## DAT550 - Group Project
### Bag of Words Document Classification using Feedforward Neural Network and Recurrent Neural Network
Authors: Andreas etternavn, Haakon Vollheim Webb, Håkon Nodeland, Stian etternavn



The code has the following structure:

1. Defining imports
2. Reading data
3. Cleaning data
4. Preprocessing data
5. Defining the model
6. Analysis

# 🧠 Project 2: Bag-of-Words Document Classification with Feedforward and Recurrent Neural Networks

## 🎯 Objective
Train and evaluate Feedforward Neural Networks (FFNN) and Recurrent Neural Networks (RNN) on a multiclass document classification task using various bag-of-words (BoW) feature extraction methods.

---

## 📁 Dataset Information

- **Source**: A subset of the ArXiv-10 dataset ([Dataset Link](https://paperswithcode.com/dataset/arxiv-10))
- **Structure**: 
  - `abstract` (input feature)
  - `field` (target label)
- **Task**: Predict the field of research (10-class classification) from the article abstract.

---

# 🗺️ Workflow Overview

Use the links below to jump directly to the relevant code sections.

---

## 🧹 Part 0: Common Preprocessing and Setup (Shared)
- [🧩 Code: Imports and Config (0.1)](#️code-imports-and-config-01)
- [🧩 Code: Load and Inspect Dataset (0.2)](#code-load-and-inspect-dataset-02)
- [🧩 Code: Train-Dev Split (0.3)](#code-train-dev-split-03)
- [🧩 Code: Text Preprocessing (0.4)](#code-text-preprocessing-04)

---

## ✨ Part A: Feedforward Neural Network with Bag-of-Words (Håkon og Haakon)
- [🧩 Code: Feature Extraction – Bag of Words (A.1)](#code-feature-extraction--bag-of-words-a1)
- [🧩 Code: FFNN Model Definition (A.2)](#code-ffnn-model-definition-a2)
- [🧩 Code: FFNN Training Loop (A.3)](#code-ffnn-training-loop-a3)
- [🧩 Code: FFNN Evaluation on Dev Set (A.4)](#code-ffnn-evaluation-on-dev-set-a4)

---

## 🔁 Part B: Recurrent Neural Network with Pre-trained Embeddings (Andreas og Stian)
- [🧩 Code: Load Pre-trained Word Embeddings (B.1)](#code-load-pre-trained-word-embeddings-b1)
- [🧩 Code: Text-to-Sequence Pipeline (B.2)](#code-text-to-sequence-pipeline-b2)
- [🧩 Code: RNN Model Definition (B.3)](#code-rnn-model-definition-b3)
- [🧩 Code: RNN Training Loop (B.4)](#code-rnn-training-loop-b4)
- [🧩 Code: RNN Evaluation on Dev Set (B.5)](#code-rnn-evaluation-on-dev-set-b5)

---

# 🧹 Part 0: Common Preprocessing and Setup (Both Must Use)

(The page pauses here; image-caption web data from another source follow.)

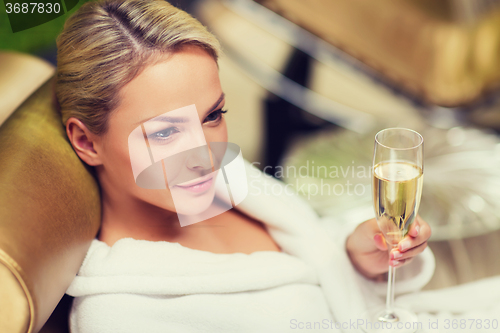 Image of beautiful young woman drinking champagne at spa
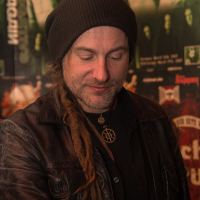 A person with long dreadlocks, a nose ring, and a beard, wearing a black beanie and a leather jacket. They are looking down with a slight smile. Behind them is a collage of various posters, some showing band images and others with text about Swiss music legends like the folk metal band Eluveitie. The lighting is warm, creating a cozy atmosphere.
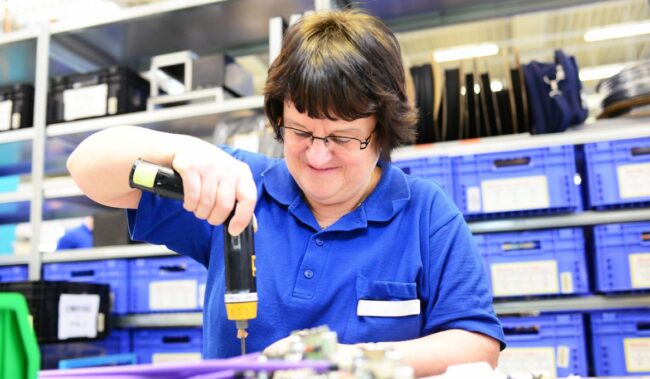 Woman-assembling-electrical-parts-1166×680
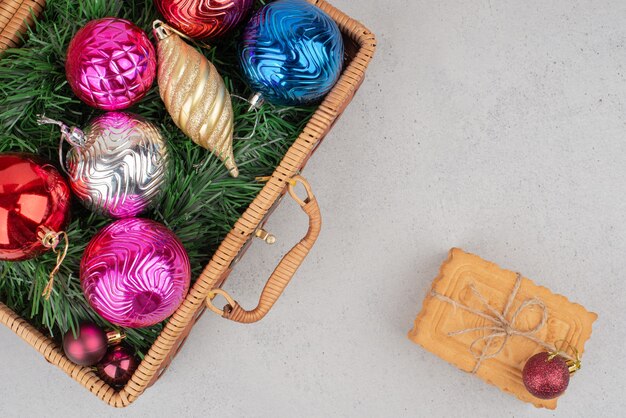 Bolas de Navidad coloridas en canasta con galletas en cuerda.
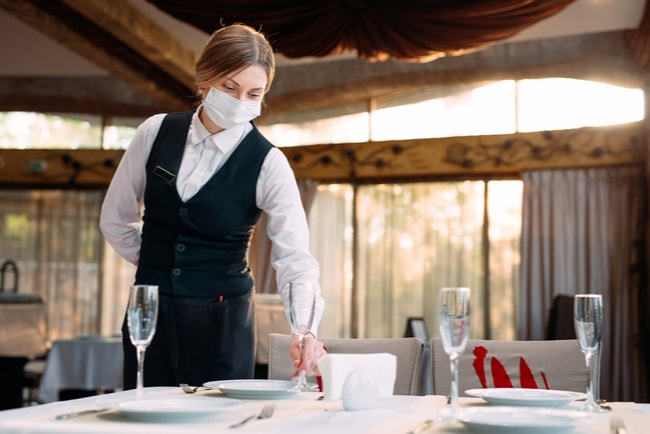 servitris med munskydd dukar bort på restaurang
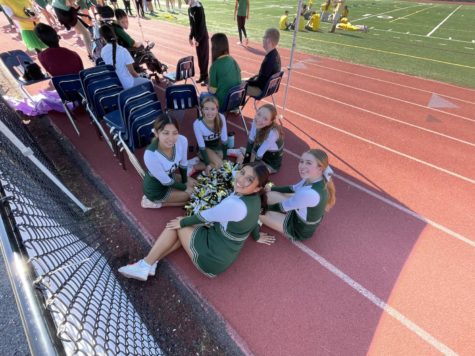 Five cheerleaders sit in a circle on the track.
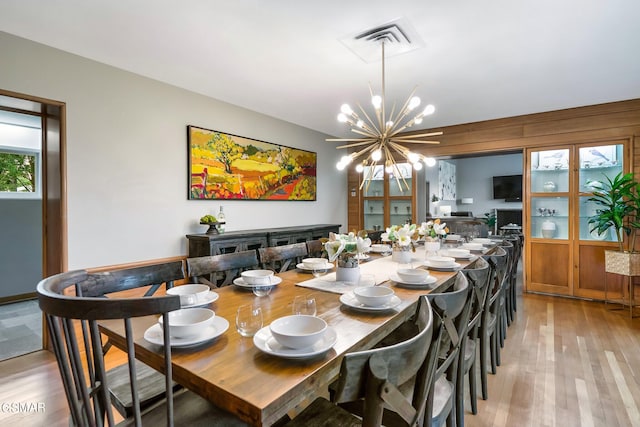 dining room featuring light hardwood / wood-style floors and an inviting chandelier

## 🔧 0.1: Imports and Config

- Load libraries (NumPy, pandas, PyTorch, scikit-learn, etc.)
- Set random seed for reproducibility

## 📄 0.2: Load and Inspect Dataset

- Load the dataset from `.csv.gz` file
- Print sample rows, label distribution

## 🧪 0.3: Train-Dev Split

- Split the data into **training** and **development** sets
- Use **stratified splitting** to preserve label distribution

### 📊 Purpose of Train/Dev Split

We split the dataset into **training** and **development (dev)** sets to evaluate how well the model generalizes to unseen data.

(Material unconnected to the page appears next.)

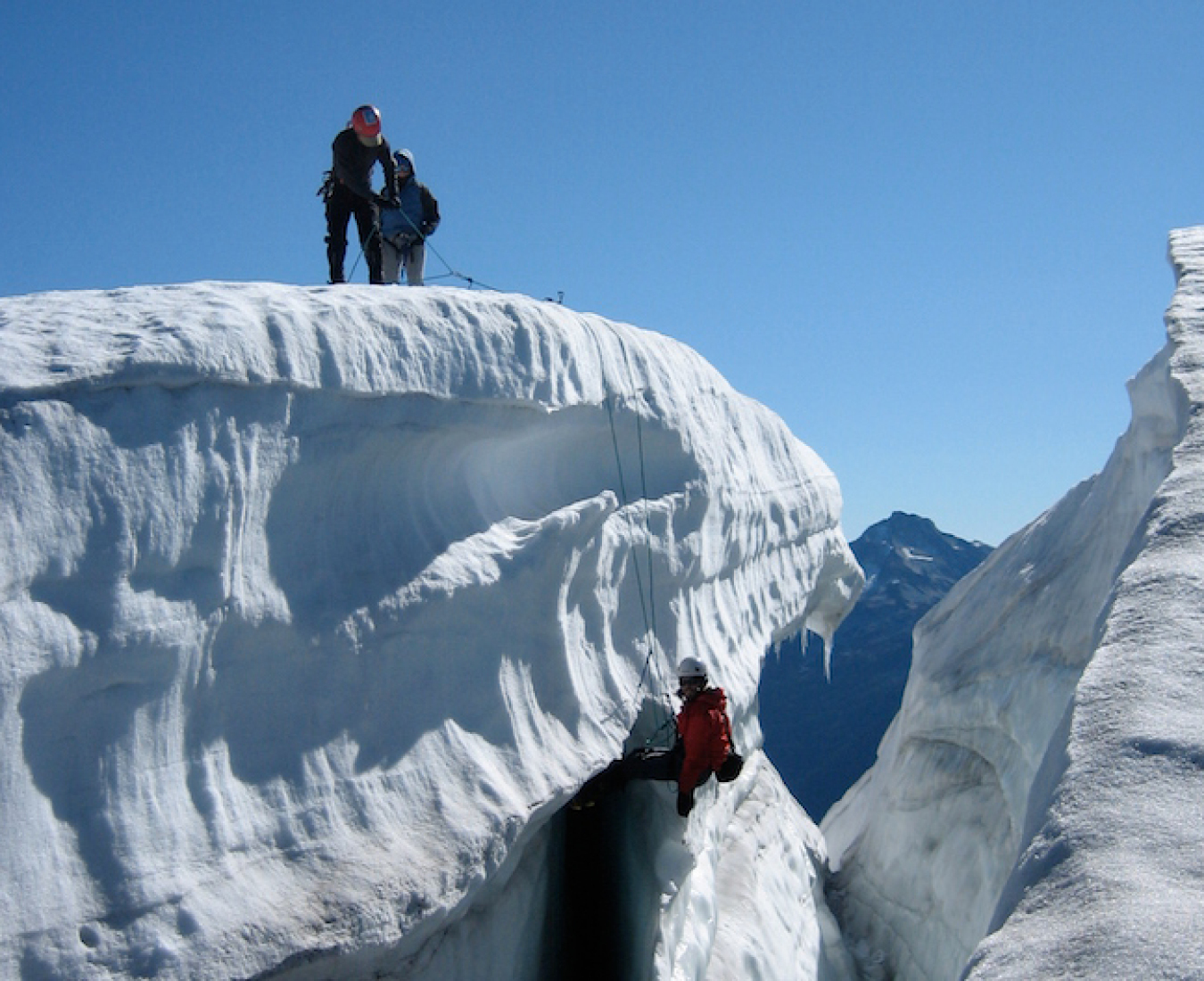 Putting new skills into practice in the mountains, a team practice crevasse rescue, pulling their companion out of a deep crevasse.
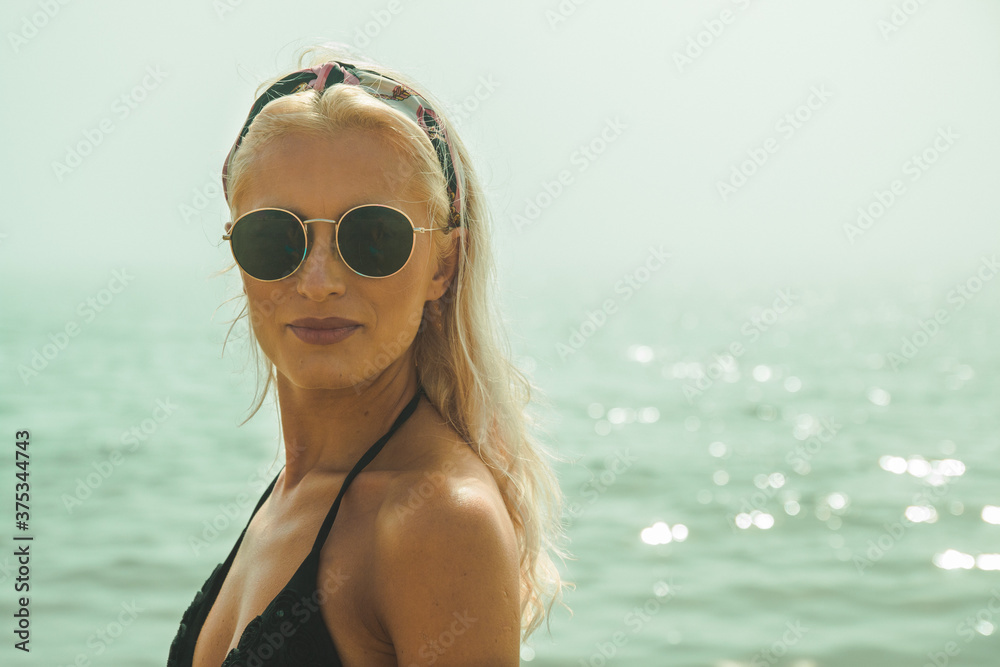 An attractive happy blonde women looking at camera with a smile on a beach with foggy sea in background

- **Train Set**: Used to fit the model and update weights.
- **Dev Set**: Used to tune hyperparameters and compare model configurations without overfitting.

> ✅ This separation ensures we don’t evaluate on data the model has already seen, giving us a more honest estimate of its real-world performance.


## ✏️ 0.4: Text Preprocessing

- Clean text (lowercasing, punctuation removal, optional stopwords)
- Tokenization (if needed for embedding-based methods)

---

# ✨ Part A: Feedforward Neural Network with Bag-of-Words

### 👤 Assigned to: **Håkon og Haakon**

## 📊 A.1: Feature Extraction – Bag of Words

- Use two different vectorization techniques:
- `CountVectorizer`
- `TfidfVectorizer`
- Optionally adjust:
- `ngram_range`
- `min_df`, `max_df`
- `max_features`

## 🧠 A.2: Model – Feedforward Neural Network (MLP)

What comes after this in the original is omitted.